=== MATERIAL FOR THE TASK ===
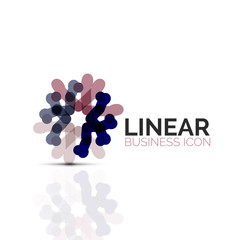 Abstract flower or star, linear thin line icon. Minimalistic business geometric shape symbol created with line segments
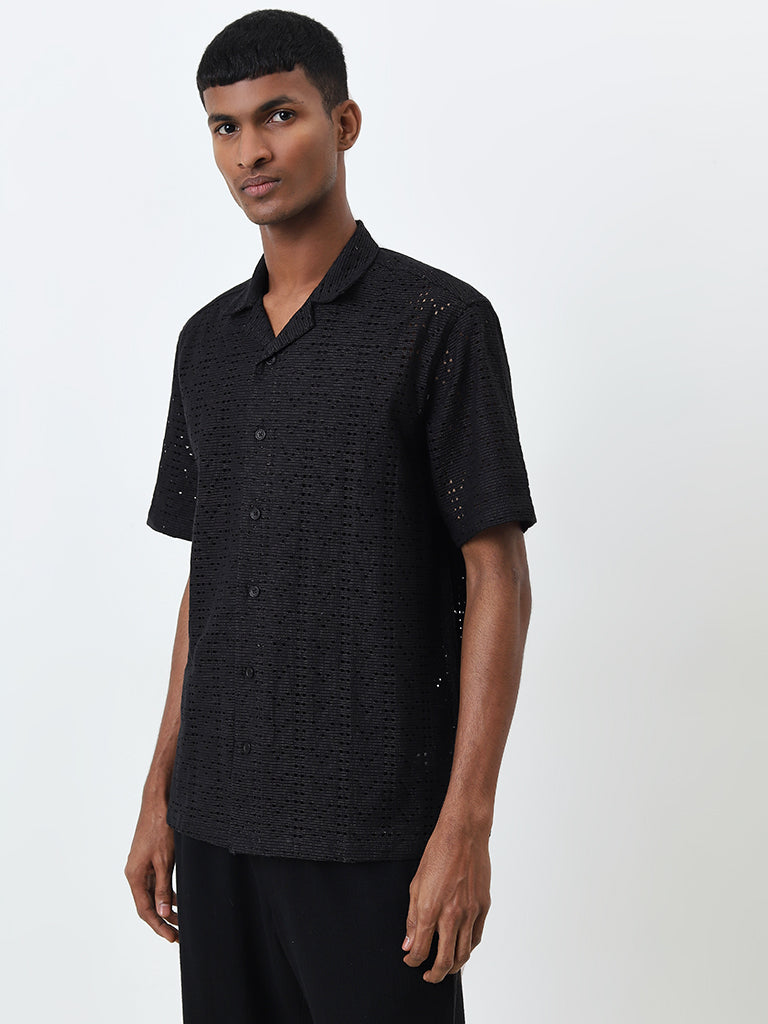 ETA Black Knit-Textured Relaxed-Fit Cotton Blend Shirt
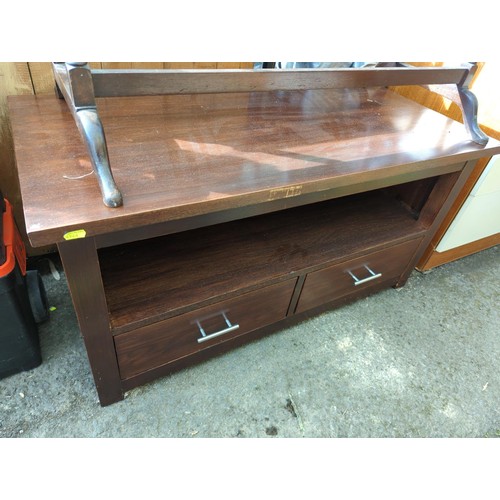 91 - TV unit. 2 drawers to base. W104cm  D47cm H52cm.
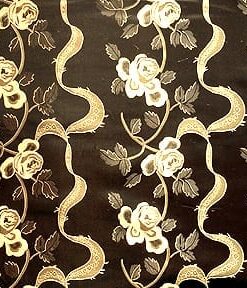Black Ribbon Black 60" Soft Shine Chinese Brocade Fabric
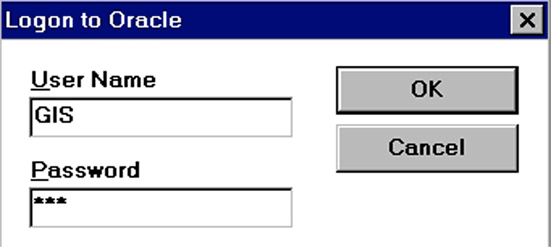Dazu muss sich vorher in die Oracle- Datenbank eingeloggt werden (Abbildung 17): Abbildung 17: Einloggen in die Datenbank Dann kann die zu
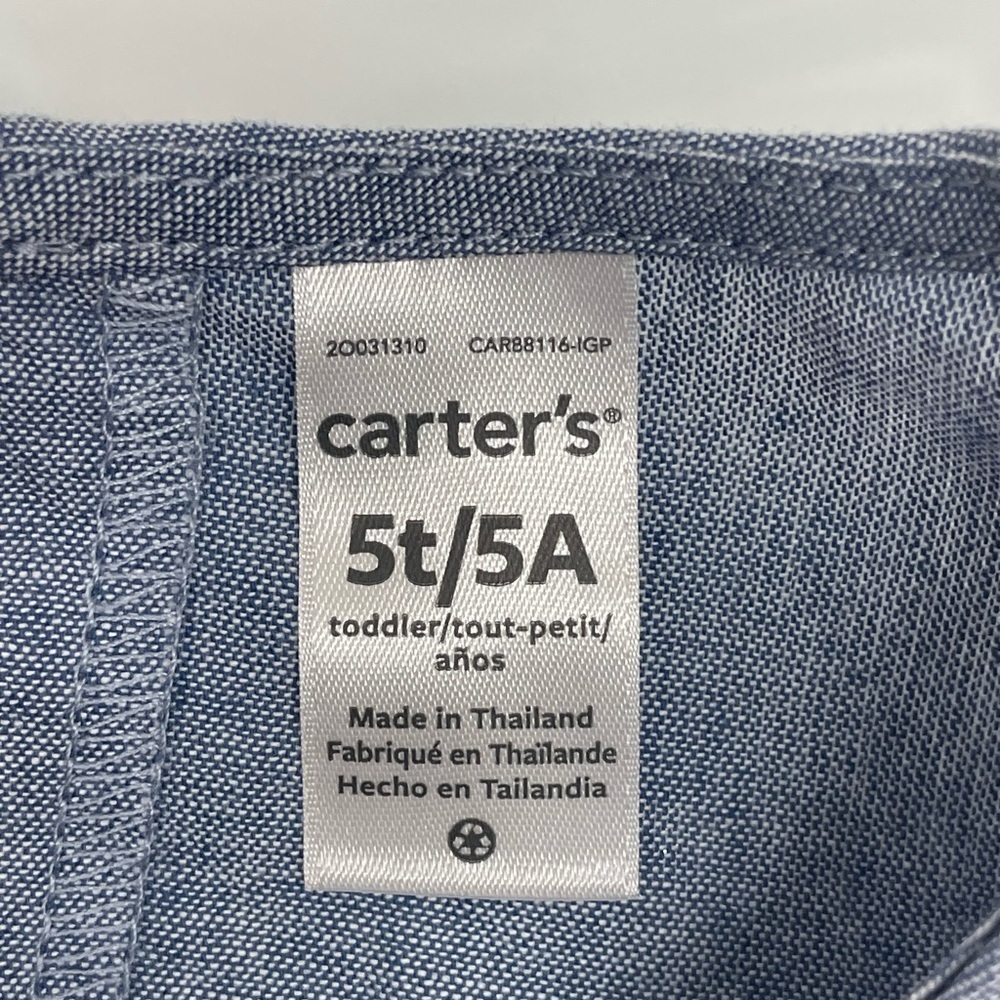 Carter's® Blue Long Sleeve Chambray Blouse with Pleated Front Size: 5T - Picture 5 of 7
===
**EXERCISE GOAL**
Pictures excluded, output exactly the line that contains "Black Ribbon Black" and every line after it to the end of the data above.

**THE COMPLETED TASK**
Black Ribbon Black 60" Soft Shine Chinese Brocade Fabric
Dazu muss sich vorher in die Oracle- Datenbank eingeloggt werden (Abbildung 17): Abbildung 17: Einloggen in die Datenbank Dann kann die zu
 Carter's® Blue Long Sleeve Chambray Blouse with Pleated Front Size: 5T - Picture 5 of 7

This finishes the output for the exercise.